» **Exercise requirements**
The job is to output exactly the lines that run from the start of the entries through the line containing "Preview for 5", pictures omitted.

===== Source information

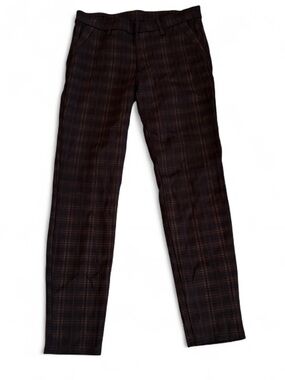 Kut from the Kloth Skinny Plaid Dress Pants Size 8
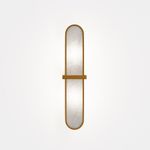 Настенный светильник (бра) Marmo E14х2, MOD099WL-02G. TM Maytoni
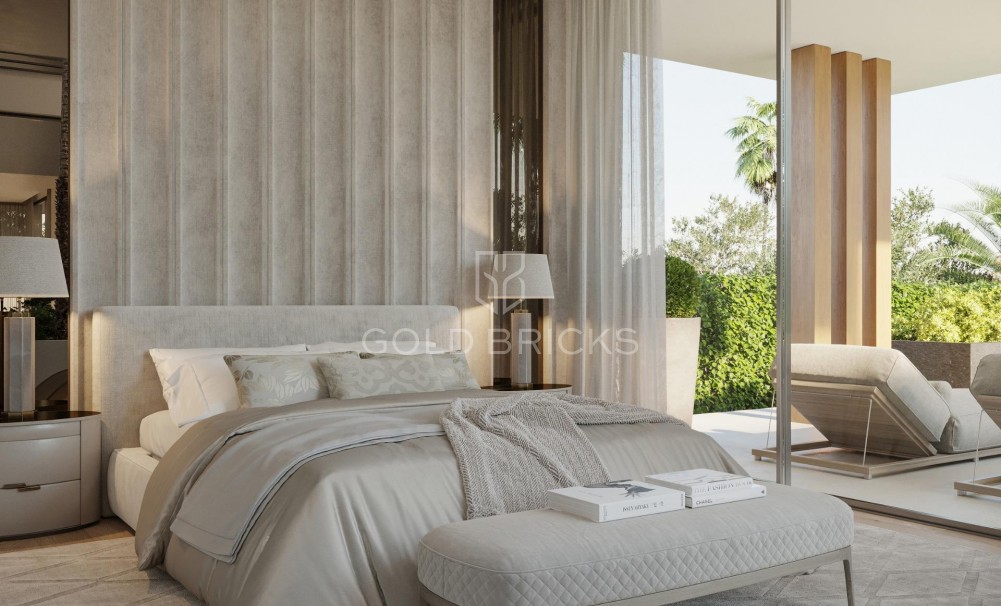 Nybyggnation · Villa · Marbella · Nueva Andalucia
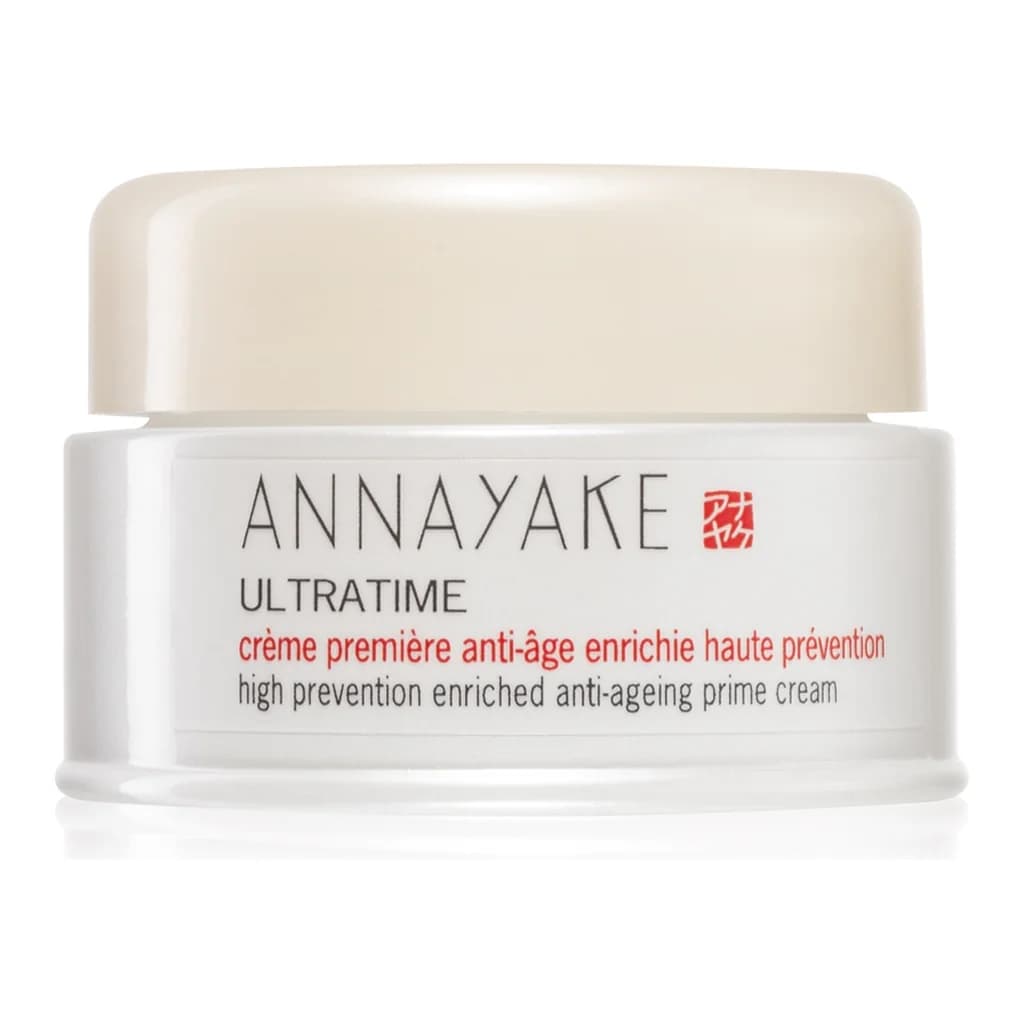 Annayake Ultratime Crème Première Anti-âge Haute Prévention
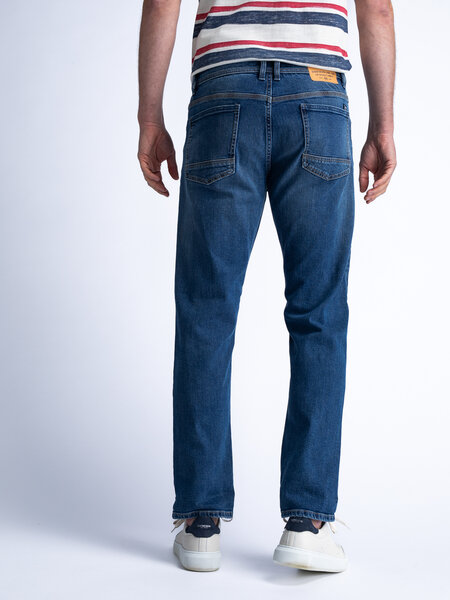 Petrol STARLING - Straight Denim (5751 Medium Used)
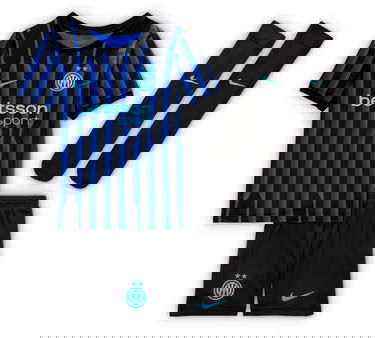 Træningsdragt Nike Inter Milan 2025/26 Home Kit Blå | hj5621-439, 0
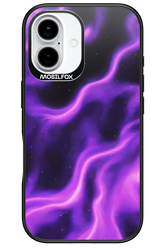 Aurora beam - Apple iPhone 16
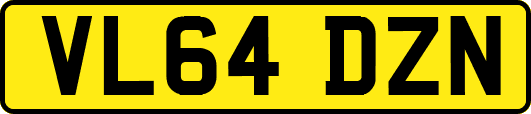 VL64DZN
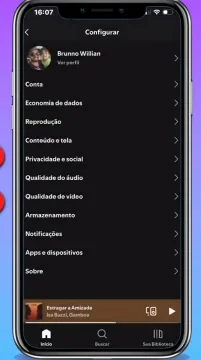 Spotify Premium APK songs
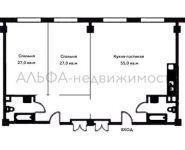 3-комнатная квартира площадью 160 кв.м, Большая Садовая улица, 5к1 | цена 61 900 000 руб. | www.metrprice.ru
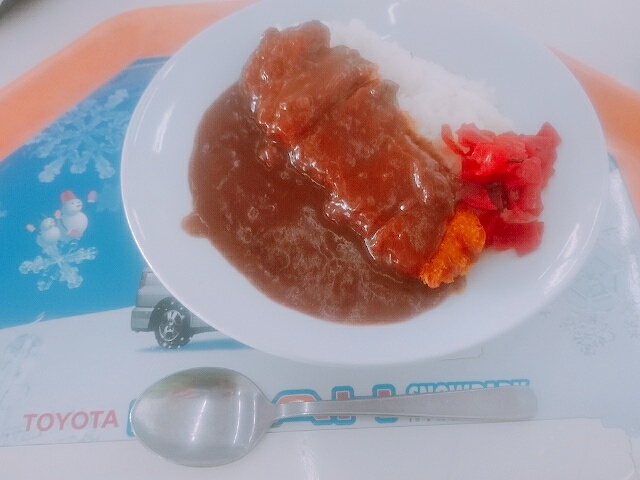 マグロカツカレー_シャンテ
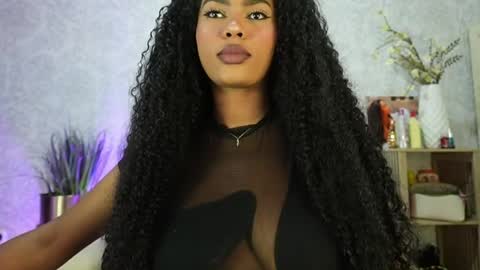 Naomi     online show from 05.13.26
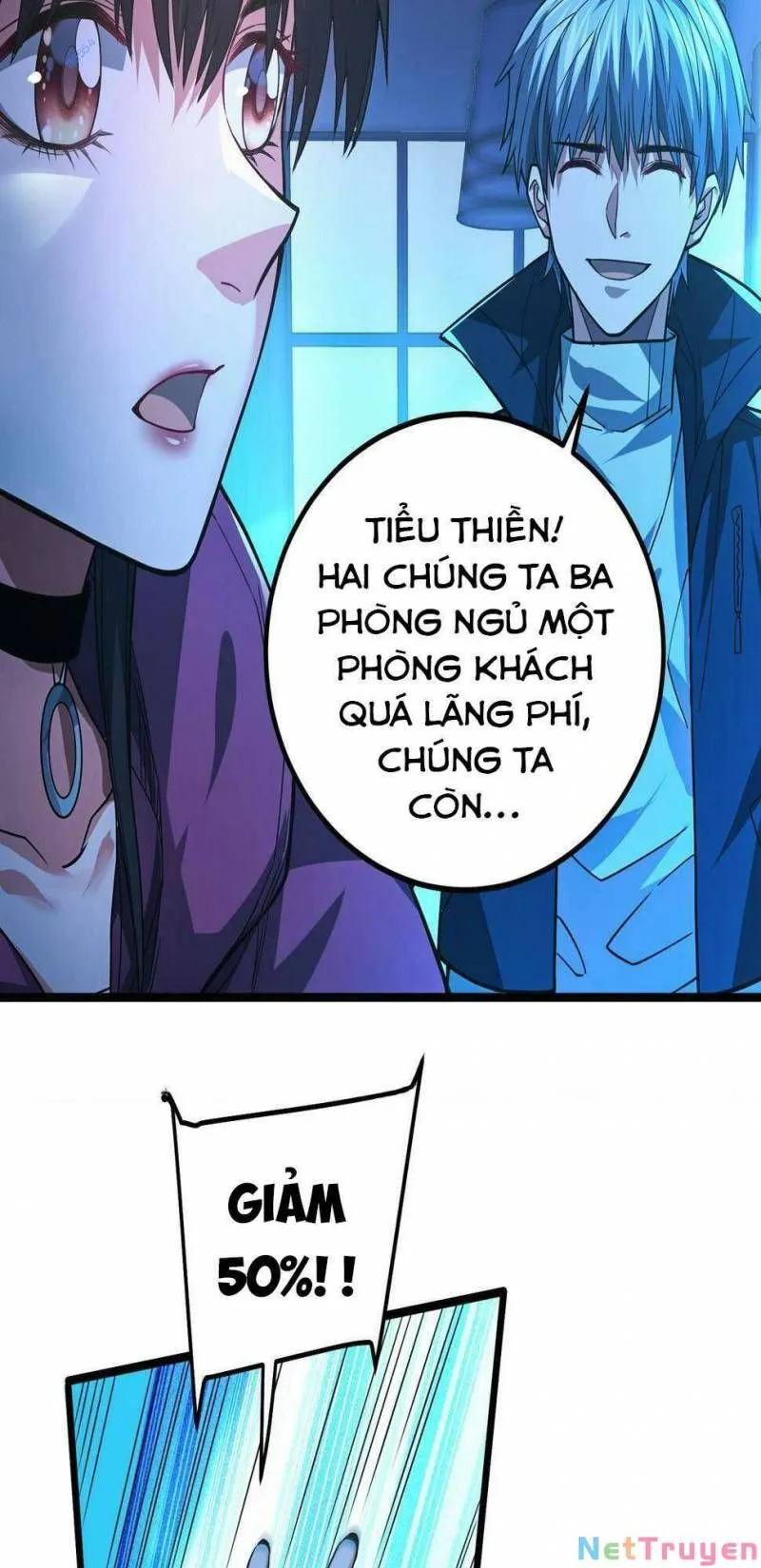 Trong Tôi Có Quỷ chương 12 - trang 56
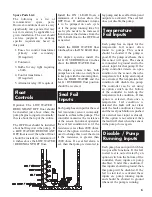 Preview for 5 page of Pentair Hydromatic NOVUS 3000 Series Installation And Service Manual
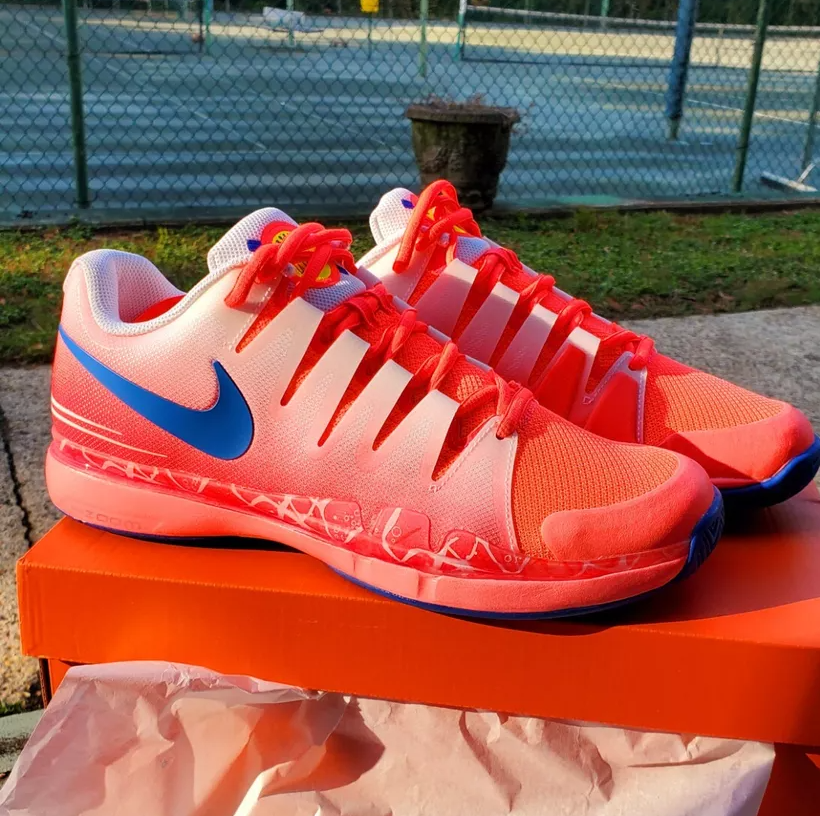  Giày Nike Court Air Zoom Vapor 9.5 'Honey Deuce' 
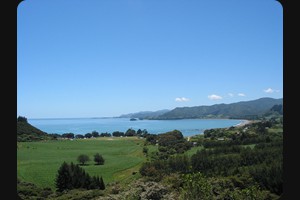 East Cape - Omaio Bay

==========

» **Answer box**
 Kut from the Kloth Skinny Plaid Dress Pants Size 8
 Настенный светильник (бра) Marmo E14х2, MOD099WL-02G. TM Maytoni
 Nybyggnation · Villa · Marbella · Nueva Andalucia
 Annayake Ultratime Crème Première Anti-âge Haute Prévention
 Petrol STARLING - Straight Denim (5751 Medium Used)
 Træningsdragt Nike Inter Milan 2025/26 Home Kit Blå | hj5621-439, 0
 Aurora beam - Apple iPhone 16
 VL64DZN
 Spotify Premium APK songs
 3-комнатная квартира площадью 160 кв.м, Большая Садовая улица, 5к1 | цена 61 900 000 руб. | www.metrprice.ru
 マグロカツカレー_シャンテ
 Naomi     online show from 05.13.26
 Trong Tôi Có Quỷ chương 12 - trang 56
 Preview for 5 page of Pentair Hydromatic NOVUS 3000 Series Installation And Service Manual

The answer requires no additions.